Pedaling past tornado-tossed homes and broken trees, the ride -- dubbed "Bo Bikes Bama" -- will pass through some of the communities hit hardest by more than 60 twisters that destroyed thousands of homes and businesses and killed about 250 people last April 27. It coincides with a week of observances of the anniversary of the devastating onslaught.
Other celebrities riding include seven-time Tour De France winner Lance Armstrong and downhill skier Picabo Street.
"They say there's a couple of areas we're gonna pass through that look somebody took a weed whacker and just took out a hundred yards or so," said Griffey, who has never seen tornado destruction up close.

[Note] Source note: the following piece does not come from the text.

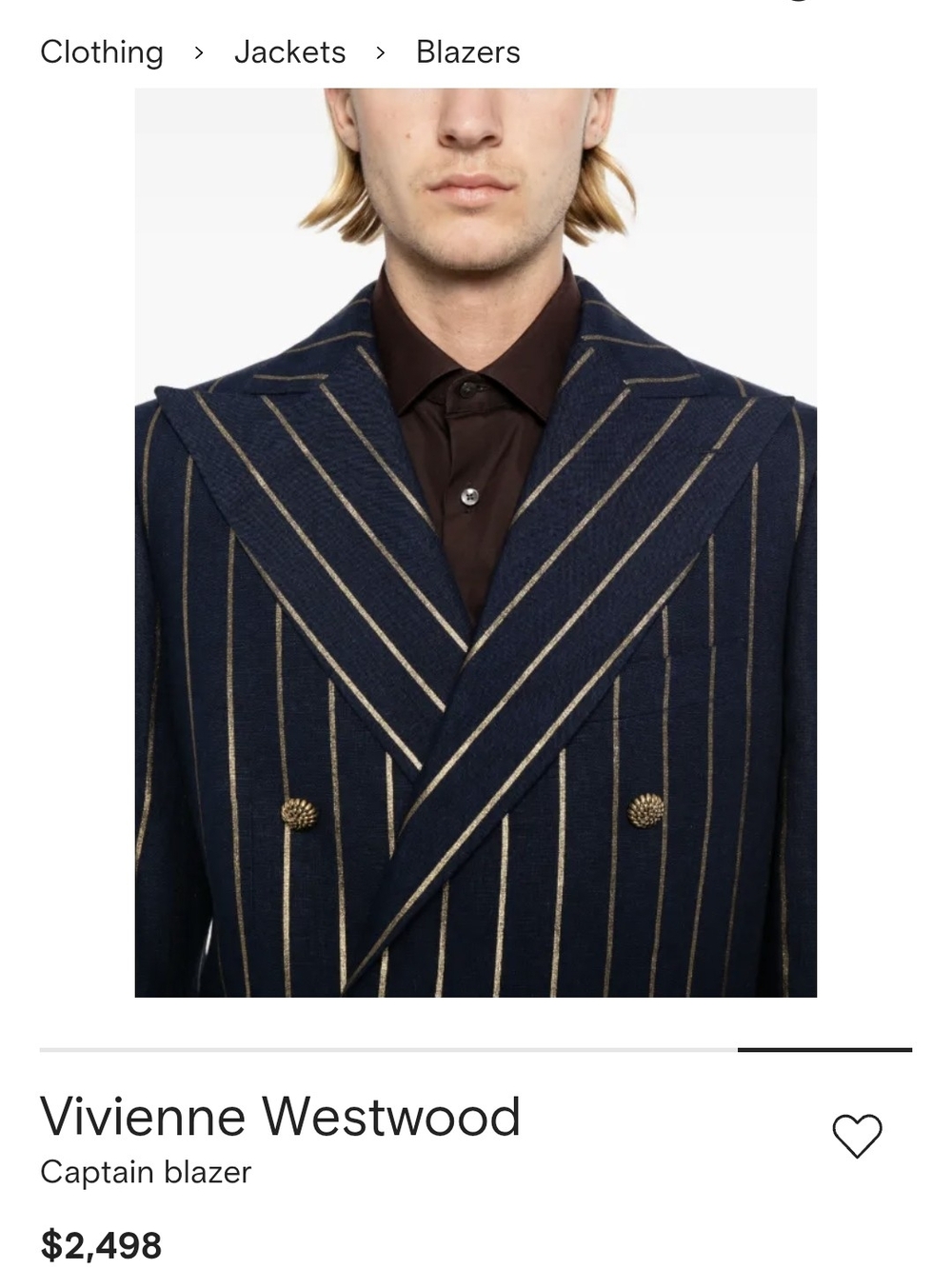 Vivienne Westwood Men's Navy Pinstripe Captain Blazer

A crowd of about 200 people cheered "Go Bo, Go," as the ride began in tiny Henagar, located in northeast Alabama's DeKalb County, where more than 30 people were killed. Before going to the starting line, Jackson met privately with 11-year-old Bryce Ferguson, whose parents and little sister Emma were among the dead.
"Everybody asks me why I decided to do this ride. It's because of people like Bryce," Jackson said. "He lost everything, but he is standing tall. He is going on with his life, and he's got people in his life that care about him and are loving him."
Jackson rode a specially made bike painted orange and blue, the colors of his alma mater, Auburn University. It also bears the name of every person who died in the twisters.
The storms left a path of destruction that, all put together, stretched 1,000 miles long and 20 miles wide. The ride ends Saturday in Tuscaloosa, where more than 50 deaths were blamed on a tornado.
Riders got a glimpse of the way twisters hop-scotched across the state a year ago, passing from unaffected neighborhoods into zones that looked like logging crews had cut down every tree and left bare, scarred dirt.
The group passed a splintered green house that doesn't appear to have been touched since the twister yanked it from its foundation; riders pedaled past the roofless remains of a country store. Speeding down a hill, riders came within yards of an old yellow milk truck that has been buried in a hillside to serve as a tornado shelter.
Jackson, who grew up near Birmingham in Bessemer but now lives in Illinois, said he hopes to raise $1 million for the governor's relief fund and increase awareness about the continuing problems caused by the twisters. Gov. Robert Bentley said the state still has some $140 million in unmet needs.
Organizers will auction off five different bicycles Jackson plans to ride during the event, and individuals can ride along for a donation of $200.
Bicyclist John Maples, who rode with two friends on the first leg, said the region needs a boost like "Bo Bikes Bama."
"It means a lot to me. We had a lot of people affected," said Maples. "It's great. It's appreciated."
Shannon Pruett, a fan of Auburn, where Jackson won the Heisman in 1985, kept her three children out of school to stand along the roadside and cheer the riders as they passed a road still lined with tornado debris and twisted, splintered trees.
"I told my husband this isn't going to happen again, they needed to see it," said Pruett.
Information from The Associated Press was used in this report.